I like night classes, generally. The students are usually more mature; most of them have full-time jobs and families, and have learned to prioritize their time, though I do occasionally have to threaten them with a quiz if they don't read the assignments. Also, many of them have greater insight into the complexities of poetry, fiction and drama--because they usually have more real-world experience than 18-year-olds.
But, back to O'Connor and Cisneros. Both come from Catholicism, though their approaches to religion seem polar opposites. One cannot read an O'Connor story without being acutely aware of her view that, without faith, one is doomed. Without faith, one lacks a core. Her characters, even the protagonists (the people we're supposed to like) are reprehensible. The only characters in her stories who seem to have belief systems are the "bad" guys--Manley Pointer in "Good Country People", The Misfit in "A Good Man is Hard to Find", and Mr. Shiftlet in "The Life You Save May Be Your Own." Her central characters are constantly being whacked on the head in an attempt to shock them into belief, but, each time I read her stories, I despair that they have learned their lessons.
Cisneros, on the other hand, deals with the constraints of Catholicism, especially on women. In "Woman Hollering Creek," Cleofilas is a victim of her macho, partriarchal, Catholic, Mexican heritage. She has little support from her brutal husband or her father and seven brothers. She gets help from two women, total strangers, who conspire to spirit her away. What Cleofilas finds is that women do have options--they can holler "like Tarzan," they can have jobs and buy their own pickup trucks. Cisneros seems to imply that faith doesn't help much, that we must make our own way, with or without it.
I always wish this particular class met more often; I have too much to say, too many questions to ask and not enough time. I hope, at least, that I communicate my love of language and literature--my sincere belief that our lives, hearts, minds are enriched by the insights that writers share with us.

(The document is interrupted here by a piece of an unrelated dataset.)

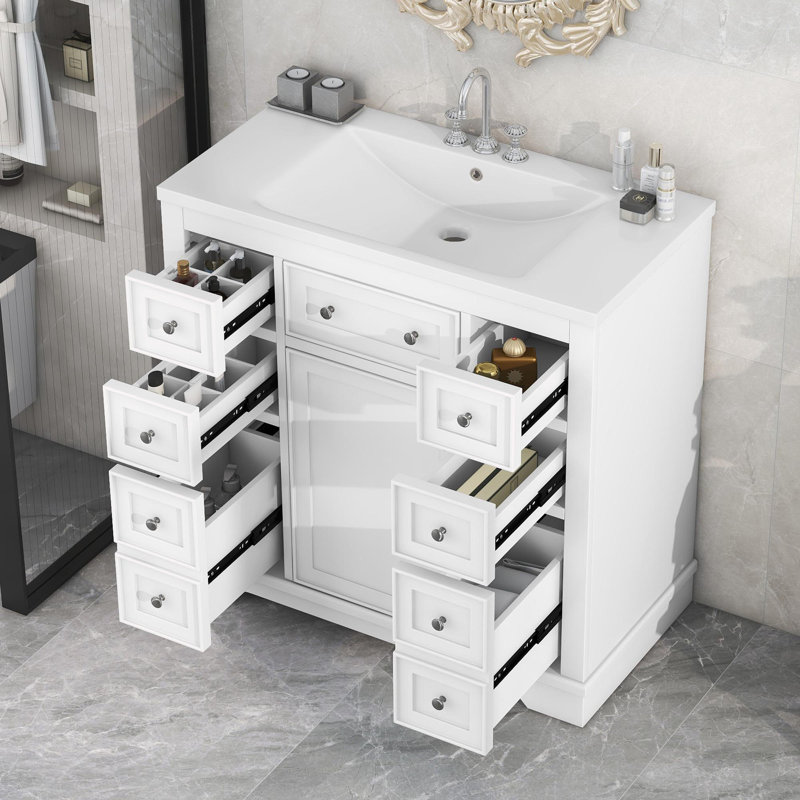 Meuble-lavabo sur pied simple 36 po avec plateau en céramique Hiranur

*******Mr. Lester's peach trees bloom in stages, so I should be able to enjoy this swash of color for a few weeks. And, to borrow from a letter E. D. wrote to her brother Austin, "The peaches are very large--one side a rosy cheek, and the other a golden, and that peculiar coat of velvet and of down which makes a peach so beautiful." This is what I have to look forward to this summer--more time to read and Ed Lester's peaches!